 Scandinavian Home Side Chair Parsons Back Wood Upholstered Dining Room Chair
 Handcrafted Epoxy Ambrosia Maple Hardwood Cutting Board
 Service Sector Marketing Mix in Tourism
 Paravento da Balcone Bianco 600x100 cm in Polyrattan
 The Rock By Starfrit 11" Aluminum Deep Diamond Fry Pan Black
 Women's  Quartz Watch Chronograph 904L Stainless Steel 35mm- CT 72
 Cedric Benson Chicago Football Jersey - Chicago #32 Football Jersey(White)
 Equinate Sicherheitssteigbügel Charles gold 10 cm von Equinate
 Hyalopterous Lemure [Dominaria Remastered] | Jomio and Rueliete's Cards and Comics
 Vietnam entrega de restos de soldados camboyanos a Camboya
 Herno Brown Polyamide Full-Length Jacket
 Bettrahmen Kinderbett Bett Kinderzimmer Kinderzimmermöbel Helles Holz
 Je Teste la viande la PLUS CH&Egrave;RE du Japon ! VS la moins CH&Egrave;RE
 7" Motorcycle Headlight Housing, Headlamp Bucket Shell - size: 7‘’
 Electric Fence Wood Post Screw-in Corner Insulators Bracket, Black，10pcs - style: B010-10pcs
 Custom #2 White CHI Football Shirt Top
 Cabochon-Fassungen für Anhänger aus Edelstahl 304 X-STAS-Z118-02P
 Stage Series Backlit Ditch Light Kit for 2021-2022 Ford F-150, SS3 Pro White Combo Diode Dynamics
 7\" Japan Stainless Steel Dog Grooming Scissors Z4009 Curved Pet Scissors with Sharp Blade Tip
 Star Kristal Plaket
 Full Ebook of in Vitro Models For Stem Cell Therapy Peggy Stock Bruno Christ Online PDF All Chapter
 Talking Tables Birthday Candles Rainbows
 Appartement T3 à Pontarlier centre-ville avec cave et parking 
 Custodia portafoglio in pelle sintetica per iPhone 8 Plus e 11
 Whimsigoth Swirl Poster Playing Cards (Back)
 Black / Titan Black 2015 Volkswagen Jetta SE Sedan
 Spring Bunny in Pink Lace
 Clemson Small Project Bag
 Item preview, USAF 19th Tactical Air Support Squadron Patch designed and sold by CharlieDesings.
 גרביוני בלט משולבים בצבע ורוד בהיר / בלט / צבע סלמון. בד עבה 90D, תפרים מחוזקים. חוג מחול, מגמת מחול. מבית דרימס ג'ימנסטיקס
****************************************
#### [Aim of the exercise]
The response must consist solely of the lines from the first line of the entries through the line containing "Appartement T3 à", repeated exactly.

#### [Task solution]
 Scandinavian Home Side Chair Parsons Back Wood Upholstered Dining Room Chair
 Handcrafted Epoxy Ambrosia Maple Hardwood Cutting Board
 Service Sector Marketing Mix in Tourism
 Paravento da Balcone Bianco 600x100 cm in Polyrattan
 The Rock By Starfrit 11" Aluminum Deep Diamond Fry Pan Black
 Women's  Quartz Watch Chronograph 904L Stainless Steel 35mm- CT 72
 Cedric Benson Chicago Football Jersey - Chicago #32 Football Jersey(White)
 Equinate Sicherheitssteigbügel Charles gold 10 cm von Equinate
 Hyalopterous Lemure [Dominaria Remastered] | Jomio and Rueliete's Cards and Comics
 Vietnam entrega de restos de soldados camboyanos a Camboya
 Herno Brown Polyamide Full-Length Jacket
 Bettrahmen Kinderbett Bett Kinderzimmer Kinderzimmermöbel Helles Holz
 Je Teste la viande la PLUS CH&Egrave;RE du Japon ! VS la moins CH&Egrave;RE
 7" Motorcycle Headlight Housing, Headlamp Bucket Shell - size: 7‘’
 Electric Fence Wood Post Screw-in Corner Insulators Bracket, Black，10pcs - style: B010-10pcs
 Custom #2 White CHI Football Shirt Top
 Cabochon-Fassungen für Anhänger aus Edelstahl 304 X-STAS-Z118-02P
 Stage Series Backlit Ditch Light Kit for 2021-2022 Ford F-150, SS3 Pro White Combo Diode Dynamics
 7\" Japan Stainless Steel Dog Grooming Scissors Z4009 Curved Pet Scissors with Sharp Blade Tip
 Star Kristal Plaket
 Full Ebook of in Vitro Models For Stem Cell Therapy Peggy Stock Bruno Christ Online PDF All Chapter
 Talking Tables Birthday Candles Rainbows
 Appartement T3 à Pontarlier centre-ville avec cave et parking 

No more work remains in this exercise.